Daily Independent (Ashland, KY)

Editorials

August 31, 2010

Underfunded

Another report warns state pension fund on shaky ground

ASHLAND — Another independent report shows the Kentucky Employees Retirement System that guarantees benefits to some 84,000 current and retired state employees is on shaky financial ground but still able to meet its financial obligations. The report by the Washington-based Center for State and Local Government Excellence gives yet another reason for legislators to take a closer look at shoring up the retirement fund, including making more changes in the retirement benefits offered future state workers, while still keeping the promises made to current state workers and retiree.

The report found the state’s largest retirement fund faces a $6 billion shortfall. In addition, administrators currently cash out investments each month to pay benefits. Josh Franzel, vice president of research at the nonprofit center, told The Courier-Journal that the system faces one of the most difficult funding situations in the nation, with about 40 percent of the assets it needs to cover benefits.

Kentucky Retirement Systems director Mike Burnside says the report wasn’t a surprise. Nor should it surprise legislators. For years, they have known that the pensions and health care insurance promised state retirees were too costly to sustain as more state workers retired — many of them in their early 50s or younger — and retirees lived longer. But only recently have legislators begun to address the problem by reducing the retirement benefits of new state workers.

To be sure, many of the current problems with the retirement fund are a result of a sharp decrease in the amount of income  from investments, and that income surely will begin to increase as the nation’s economy improves. But to assume that the funding shortfall can be solved by simply improving the fund’s return on investments would be naive.

There is another, more disturbing problem that has led to the current woes. Since 2004, full contributions to the fund recommended by actuaries have not been made.

Burnside said a 2008 pension reform bill, which reduced benefits for new hires, set up a funding schedule that should prevent the system from going broke.

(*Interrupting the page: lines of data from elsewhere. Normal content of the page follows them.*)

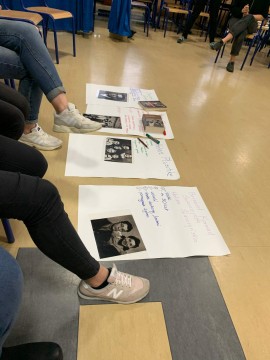 Goście Ośrodka KARTA w Brzesku Jednostka w wirach historii. Losy indywidualne w uniwersalnym przekazie literatury faktu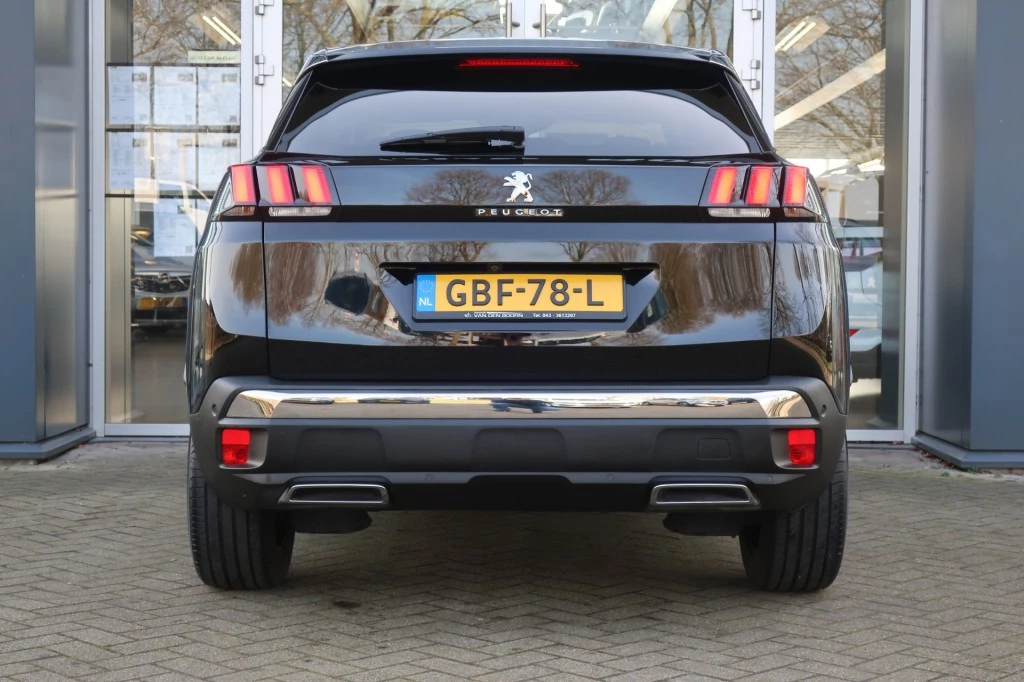 Hoofdafbeelding Peugeot 3008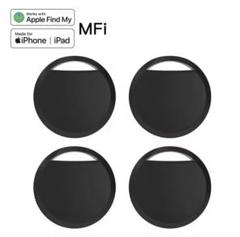 ◆4個セット◆【スマートタグ】 Apple対応 ／Airtag／紛失防止／追跡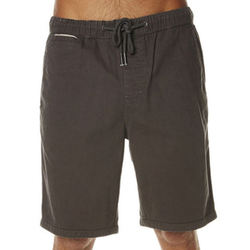 more on Oneill Elastic First In Mens Black Walkshorts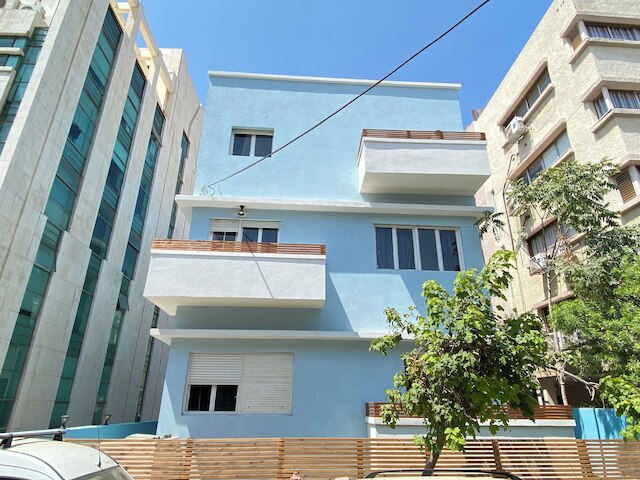 ブリーズハウス・アルバ・リビング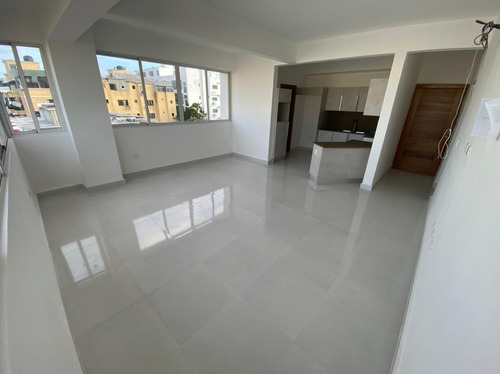 Apartamento Nuevo En Venta El Millón Con 142mt Y 2habs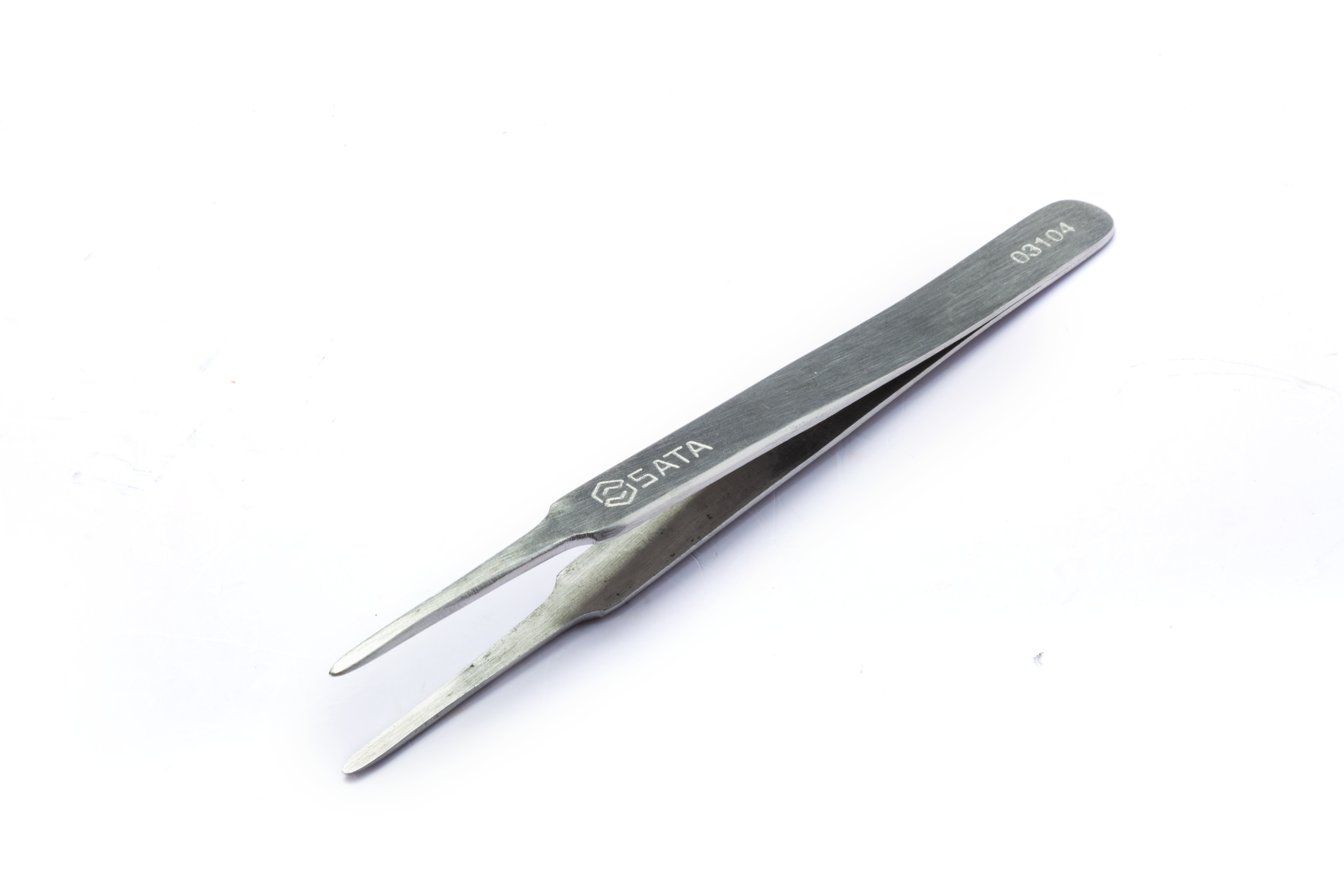 Nhíp Đầu Tròn Dẹp 120mm Sata 03104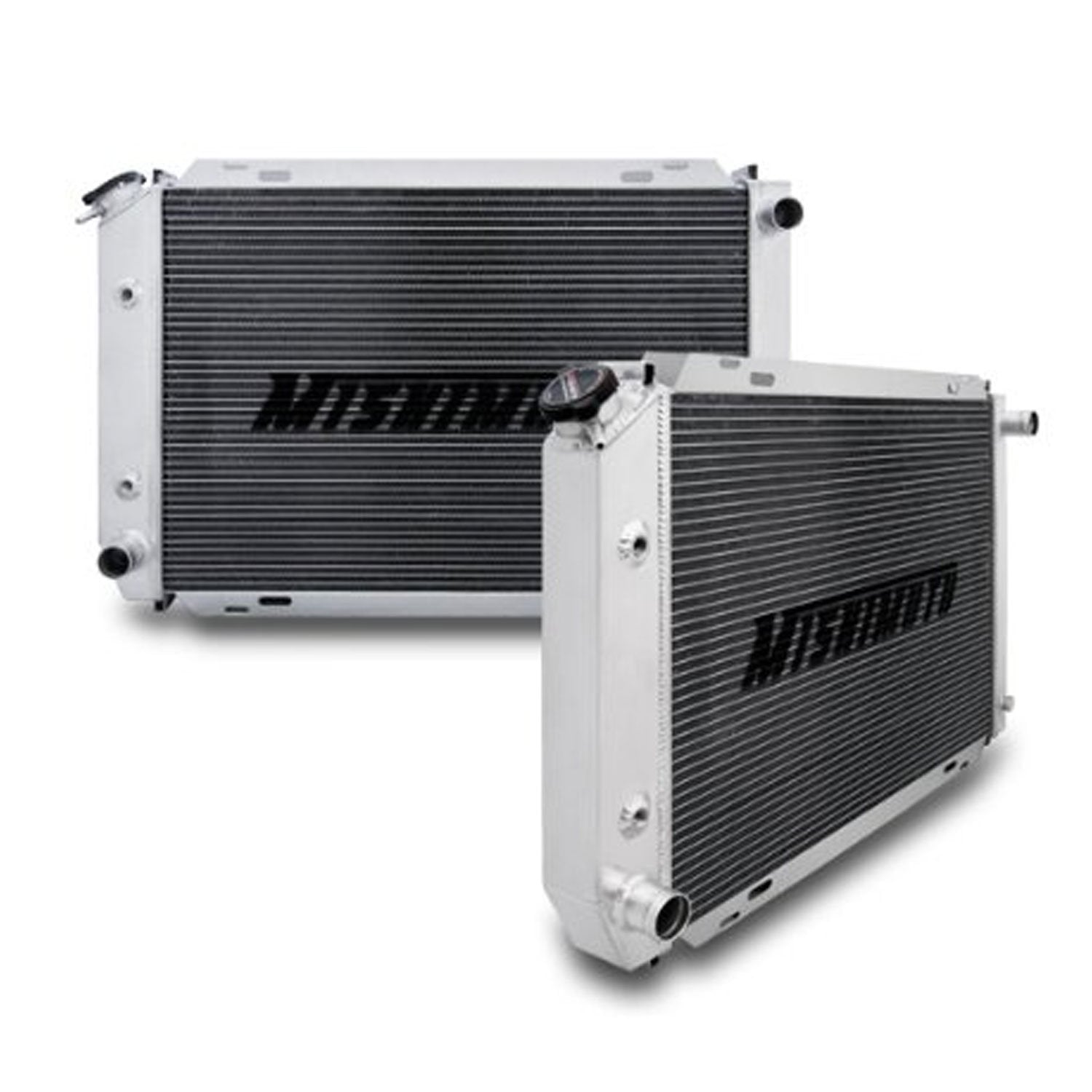 Mishimoto Performance Aluminum Radiator MMRAD-MUS-79A Fits Ford Mustang Automatic 1979-1993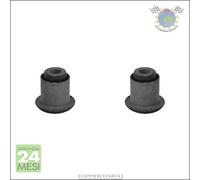 2X Kit Supporti Braccio Oscillante Dx+Sx Moog Per Honda Civic Vi Crx Iii V #Gz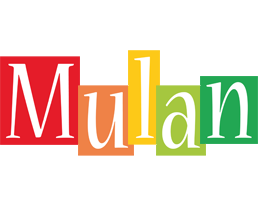 Mulan colors logo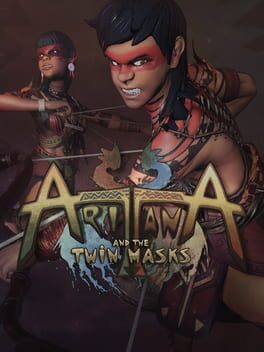Foto do jogo Aritana and the Twin Masks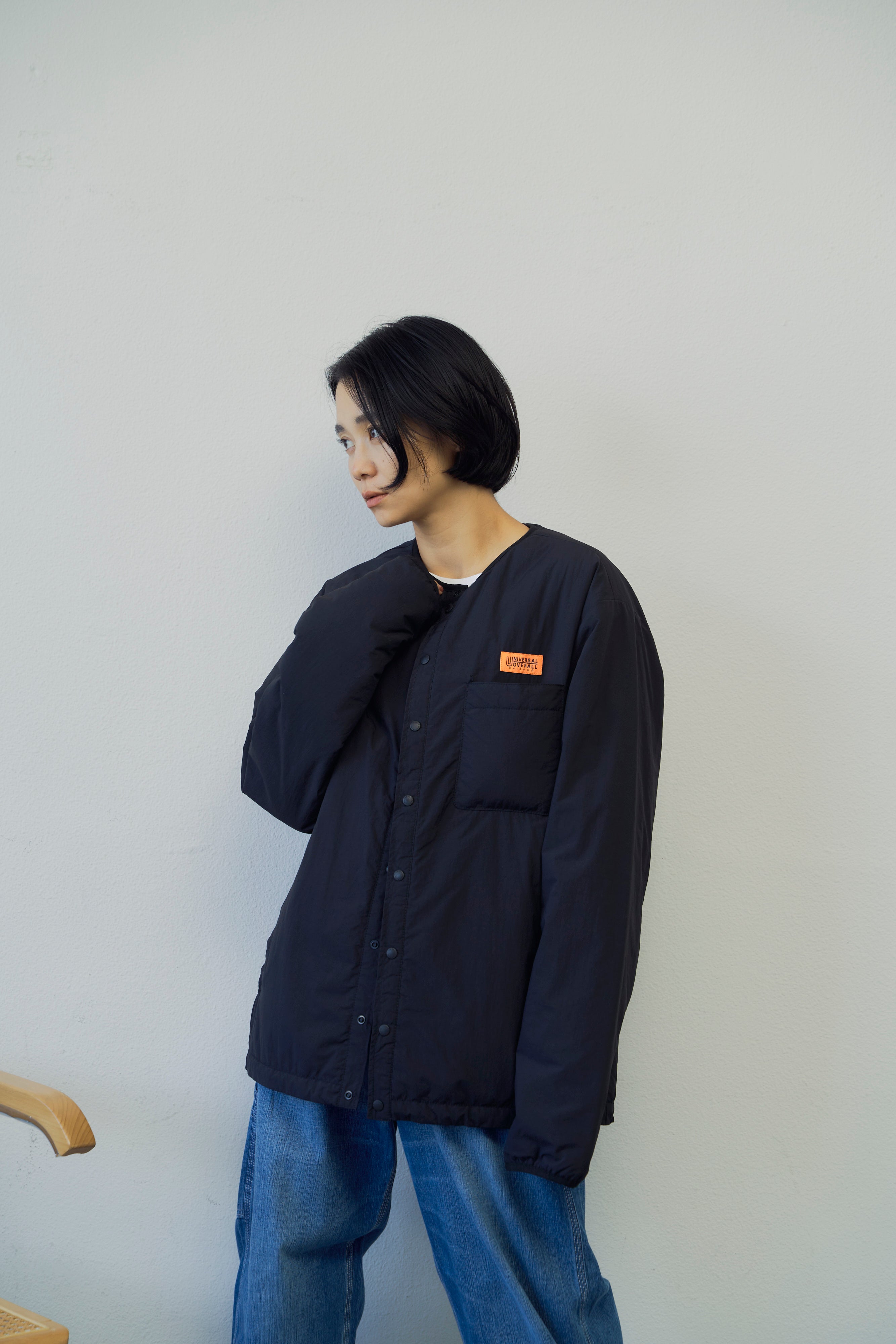 UNIVERSAL OVERALL / INSULATION JACKET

Projections show that in another decade, the system should begin making its way toward full funding.

“Fifteen years from now, they will have reached the level where they are fully funding the program (each year),” Burnside said. “The bad news is that it is going to take 15 years to get there.”

That assumes that future governors and lawmakers can increase the funding while struggling with the effects of a weak economy. There’s no guarantee of that. With legislators struggling to balance the state budget, they have developed a habit of reducing payments to the retirement fund for the simple reason that there is no current shartage of funds to pay out benefits. 

The funding schedule likely will require at least a 2 percent annual increase in the state’s contribution, the consultant’s report said. Budget Director Mary Lassiter said that would be difficult, but not impossible to meet.

“I think we’ll do it because I think we realize we’ll have to do it,” said Rep. Mike Cherry, a Princeton Democrat and chairman of the House State Government Committee. “It’s going to be painful.” 

Cherry may be right, but we will have to see it to believe it.